| Scalability, RapidMiner, Preprocessing, PMML | 1 Jul 2009 |
| PMML 4 and Preprocessing Models by Ingo Mierswa | Comment (1) |
A short time ago, the data mining group announced the release of the new version of the PMML standard:
http://www.dmg.org/pmml-v4-0.html
One of my main concerns against PMML always was the fact that no preprocessing models were supported. As I have written before, preprocessing models are a very important feature of RapidMiner. This has a simple reason: in my opinion, processing and transforming the data is probably the most important but also complicated part of data mining. For that reason, the focus in operator development for RapidMiner always was this vital part of data analysis instead of producing hundreds of additional and highly sophisticated learning schemes which would not scale up well enough for large real-world data sets anyway. As a consequence, our preprocessing models were introduced into RapidMiner already several years ago together with lots of operators for the different data transformation tasks.
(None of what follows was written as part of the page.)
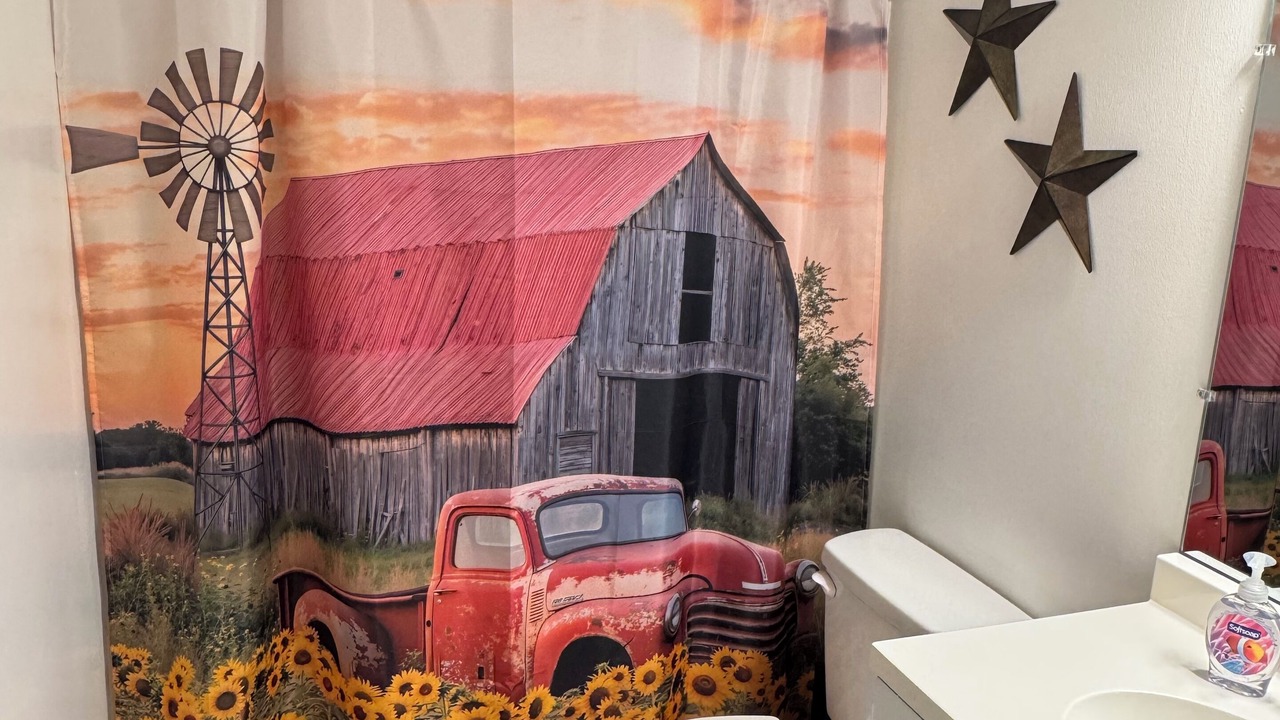 Photo of Bathroom in Shepherdsville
With version 3, the PMML standard also started to support first preprocessing models. This was actually the first step towards a more scalable direct-in-database processing and analysis. I was really keen on seeing the next major version of PMML and checking out if more preprocessing steps would have been supported. And indeed, several new models were added and PMML seems to become a standard for the description of (almost) the complete analysis process which can then be deployed directly in the database. And for us, this means that PMML will gain more weight for the future development and will be a topic for future releases again.
Until then, a combination of the cached database access from RapidMiner, the layered view stack on data sets, and scalable analysis methods like Naive Bayes will be the solution for using RapidMiner on data sets of almost arbitrarily sizes.